On-line version ISSN 2078-5135
Print version ISSN 0256-9574
SAMJ, S. Afr. med. j. vol.103 n.2 Cape Town Feb. 2013
S P C CookI; S C PasioII
IEast London Eye Centre, MB ChB, FCS (Ophthal)
IIEast London Eye Centre, B Occupational Therapy
BACKGROUND: The National School Health Policy guidelines (2002) stipulate that primary school learners should have their vision, speech, hearing, mental health, teeth, nutrition and development screened annually. In reality, especially in under-resourced areas such as the Eastern Cape, many learners with disabilities are not identified, with profound consequences for their ability to learn.
METHOD: This article describes a cost-effective and community-empowering solution, Learner-to-Learner Visual Acuity Screening, whereby secondary school learners were trained to conduct basic visual acuity (VA) eye screening for foundation-phase learners.
RESULTS: Of a group of Grade R learners, 30% were identified as having impaired VA and referred for ophthalmic or optometric evaluation.
CONCLUSIONS: This project created greater awareness among learners, parents and teachers regarding abnormal VA and increased interaction between secondary and primary school learners. This simple and cost-effective strategy could be easily and effectively replicated in other schools, helping to address the need for basic eye care.
The South African (SA) government pledged to 'Put Children First' by becoming a signatory to the Convention on the Rights of the Child, and by according children special recognition in the Bill of Rights of the SA Constitution, promulgated in 1996. This commitment requires that children's rights are upheld and that adequate provision is made for them to reach their full potential in every aspect of their lives.
Since the right to optimal health and development is especially significant during the early school years, the National School Health Policy of 20021 stipulates that all Grade R learners attached to a primary school should be assessed to identify barriers to learning, as well as all new Grade One learners not assessed in Grade R. Such assessments would include: hearing; vision screening; speech impairment; physical examination for gross locomotor dysfunction; oral health and anthropometric assessment. At present, the state employs 310 school health nurses to service more than 12 000 primary schools. In reply to a parliamentary question in February 2012, Health Minister Aaron Motsoaledi acknowledged that school nurses had visited only 6 500 primary schools the previous year - leaving 5 500 schools without assessment.
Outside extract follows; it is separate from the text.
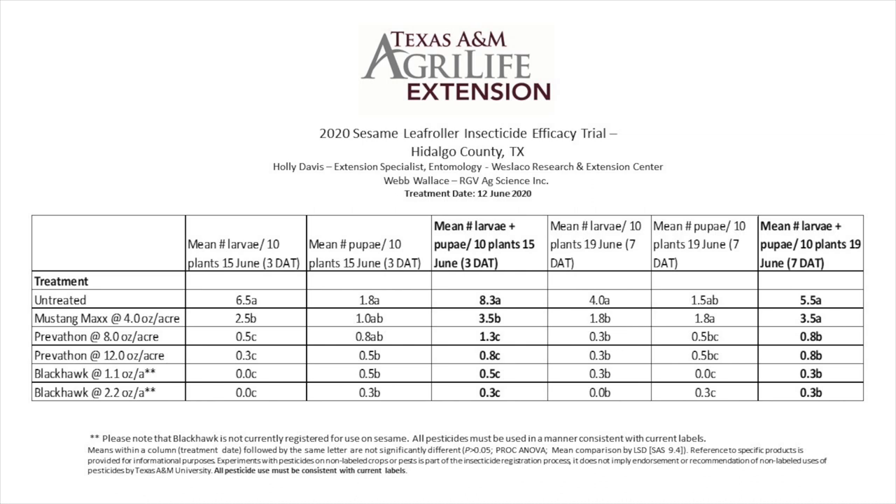As you can see, all the chemicals we tested provided some control of sesame leaf roller, although both Prevathon and Blackhawk resulted in fewer larvae and pupae than Mustang Max. While the higher rate of Prevathon, the 12 oz per acre rate, provided better control than the 8 oz per acre, it was not significantly different. Blackhawk also did a great job of controlling the sesame leaf roller, but at this time it is not labeled for sesame. We do hope to put out another trial looking at both these chemicals and possibly testing another one or two.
Moreover, he could not say whether school nurses had ever visited any primary school in either the Eastern Cape (EC) or Northern Cape (NC), because these provinces had failed to report on this issue since 2008.2
While the state supports the World Health Organization (WHO) Expert Committee's 1996 recommendation that school health programmes can increase the efficiency of the education system and reduce common health problems, it is clear that there have been major challenges in developing a national school health policy in SA. If we are to effectively 'put children first', we require different ways of approaching these challenges, especially in resource-scarce provinces such as the EC.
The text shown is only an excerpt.